▶ WHAT THE TASK ASKS:
From top to bottom, return the listing exactly as it appears, omitting its images.

▶ DATASET EXCERPT:
= = = = =

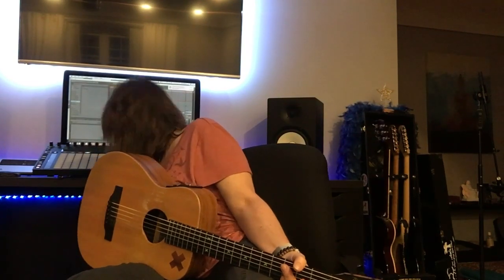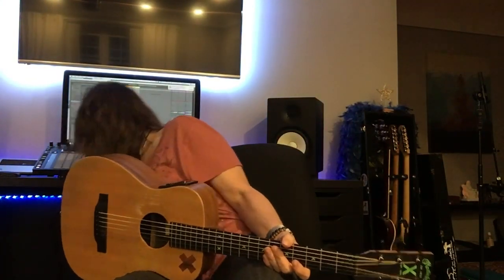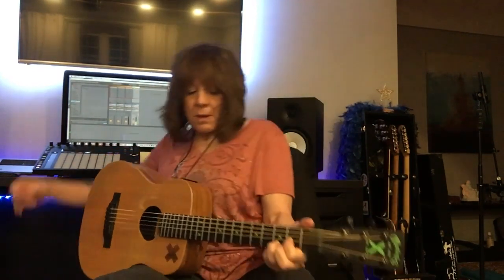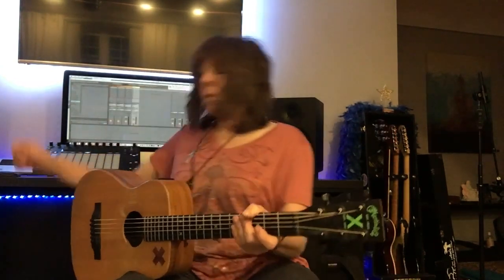In the effects loop I have my two tube screamers, and I had the first one turned on. Here's no tube screamer. Let me turn off the delay. Now everything is off except the compressor and the amplifier. Here's my tube screamer — when I turn it on, here is the tube screamer.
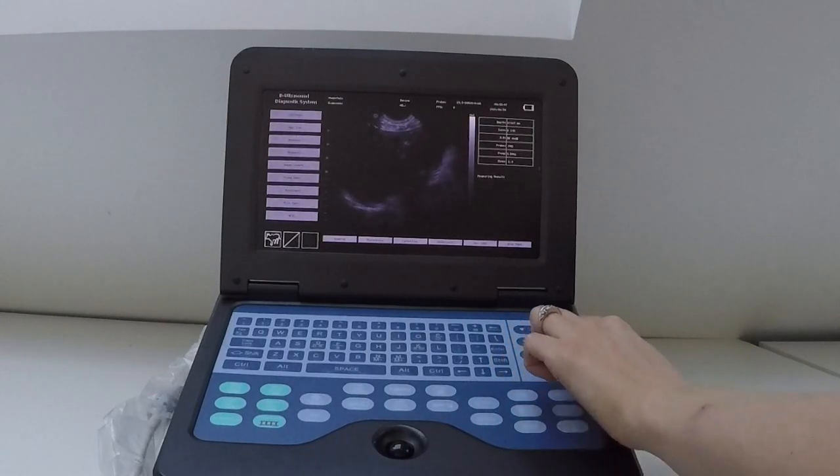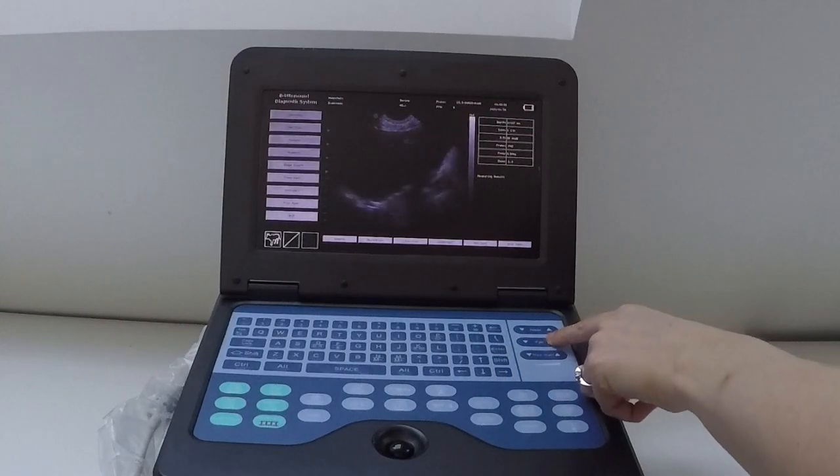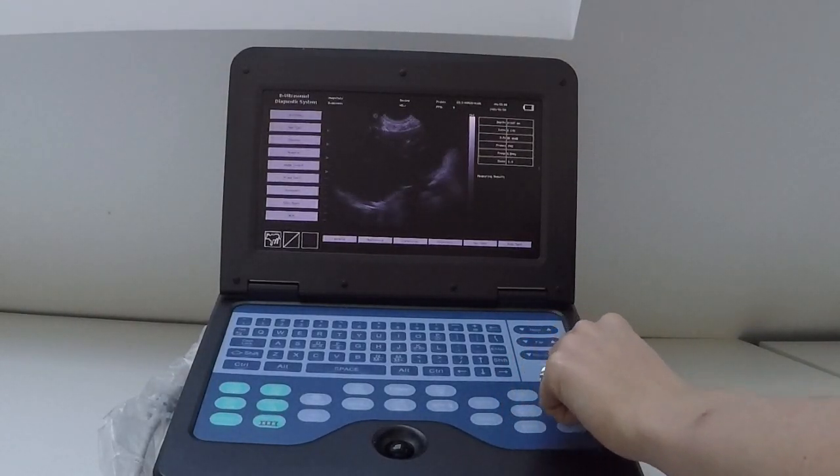You've also got a near and a far gain. Near means the near field, which is the top half of your screen; far means the far field, the bottom half of your screen. You rarely would need to adjust those individually — most of the time you're going to be using your main overall gain.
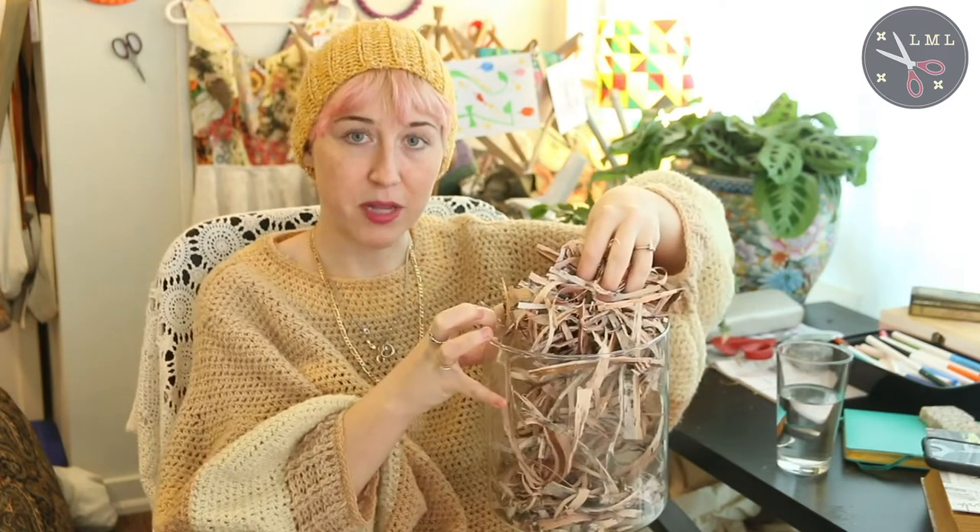I've shredded up the bits of bark into some little pieces. Now what I'm going to do to get started — this is going to be a whole day that it's going to be sitting. I'm going to put it on the stove in a huge pot full of water and I'm just going to leave it on a really low simmer — not quite a simmer, just slightly cooler than a simmer. Really steamy but no bubbles. I'm going to coax out as much of the color as I can from this birch bark.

= = = = =

▶ EXPECTED OUTPUT:
In the effects loop I have my two tube screamers, and I had the first one turned on. Here's no tube screamer. Let me turn off the delay. Now everything is off except the compressor and the amplifier. Here's my tube screamer — when I turn it on, here is the tube screamer.
You've also got a near and a far gain. Near means the near field, which is the top half of your screen; far means the far field, the bottom half of your screen. You rarely would need to adjust those individually — most of the time you're going to be using your main overall gain.
I've shredded up the bits of bark into some little pieces. Now what I'm going to do to get started — this is going to be a whole day that it's going to be sitting. I'm going to put it on the stove in a huge pot full of water and I'm just going to leave it on a really low simmer — not quite a simmer, just slightly cooler than a simmer. Really steamy but no bubbles. I'm going to coax out as much of the color as I can from this birch bark.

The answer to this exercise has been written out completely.